Contro il Bayern ha grosse responsabilità su 3 dei 4 gol subiti al ritorno. 
Non esce su quelli di Lewa e Muller - anche se pure Bonucci non è esente da colpe anzi - e su quello di Coman è posizionato piuttosto male. In generale tutte le volte che l'ho visto recentemente non ho visto il portierone del passato. Non fa particolari errori, però raramente fa parate decisive, spesso si ferma al compitino.

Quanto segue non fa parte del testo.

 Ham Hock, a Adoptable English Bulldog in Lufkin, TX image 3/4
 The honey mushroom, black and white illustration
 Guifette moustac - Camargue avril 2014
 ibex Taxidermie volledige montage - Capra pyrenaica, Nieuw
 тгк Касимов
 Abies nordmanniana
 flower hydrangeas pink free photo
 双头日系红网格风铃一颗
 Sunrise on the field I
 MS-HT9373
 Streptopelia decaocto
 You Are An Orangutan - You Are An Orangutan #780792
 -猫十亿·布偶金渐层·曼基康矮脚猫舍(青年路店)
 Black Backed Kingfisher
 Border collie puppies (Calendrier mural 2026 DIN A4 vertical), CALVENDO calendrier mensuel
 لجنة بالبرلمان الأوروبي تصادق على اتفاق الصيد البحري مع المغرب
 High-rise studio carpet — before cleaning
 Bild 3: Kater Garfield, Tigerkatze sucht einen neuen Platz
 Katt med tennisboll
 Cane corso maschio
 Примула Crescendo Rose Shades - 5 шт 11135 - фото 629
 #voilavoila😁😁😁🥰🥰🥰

La stampa lo esalta, ma per me non è tra i migliori da un pò figuriamoci, migliore o secondo migliore. Gli è rimasta solo la fama. Sicuramente è ancora il migliore in Italia ma giusto perché non ci sono molte alternative.


----------



## Jaqen (21 Marzo 2016)

Penso non sia il più forte adesso, Gigio , ma è comunque un portiere che da molta sicurezza soprattutto alla difesa.
Ricordo le partite nei giovanissimi quando facevo il difensore.. quando c'era il primo portiere stavo tranquillo.. quando entrava il secondo, seppur un mio caro amico, ero terrorizzato... Chissà quanti errori ho fatto per sta storia...


----------



## Milanforever26 (21 Marzo 2016)

Torros ha scritto:


> tanta esaltazione per il record di Buffon, ma a me questo pare chiaramente finito o semitale da qualche anno.
> 
> Contro il Bayern ha grosse responsabilità su 3 dei 4 gol subiti al ritorno.
> Non esce su quelli di Lewa e Muller - anche se pure Bonucci non è esente da colpe anzi - e su quello di Coman è posizionato piuttosto male. In generale tutte le volte che l'ho visto recentemente non ho visto il portierone del passato. Non fa particolari errori, però raramente fa parate decisive, spesso si ferma al compitino.
> ...



non guardo abbastanza match dei gobbi per dirlo ma l'anno scorso a me è sembrato decisivo per portare la Juve in finale di champions


----------



## vota DC (21 Marzo 2016)

Quando li prende si vede che fa apposta: non è colto di sorpresa, ha reazioni mosce contro palle che vede benissimo.


----------



## .Nitro (21 Marzo 2016)

Per me gia da un pò di anni è un portiere normalissimo


----------



## Hammer (21 Marzo 2016)

Torros ha scritto:


> tanta esaltazione per il record di Buffon, ma a me questo pare chiaramente finito o semitale da qualche anno.
> 
> Contro il Bayern ha grosse responsabilità su 3 dei 4 gol subiti al ritorno.
> Non esce su quelli di Lewa e Muller - anche se pure Bonucci non è esente da colpe anzi - e su quello di Coman è posizionato piuttosto male. In generale tutte le volte che l'ho visto recentemente non ho visto il portierone del passato. Non fa particolari errori, però raramente fa parate decisive, spesso si ferma al compitino.
> ...



Ultimamente è idolatrato e ultraosannato dalla stampa per qualsiasi intervento, una roba vergognosa.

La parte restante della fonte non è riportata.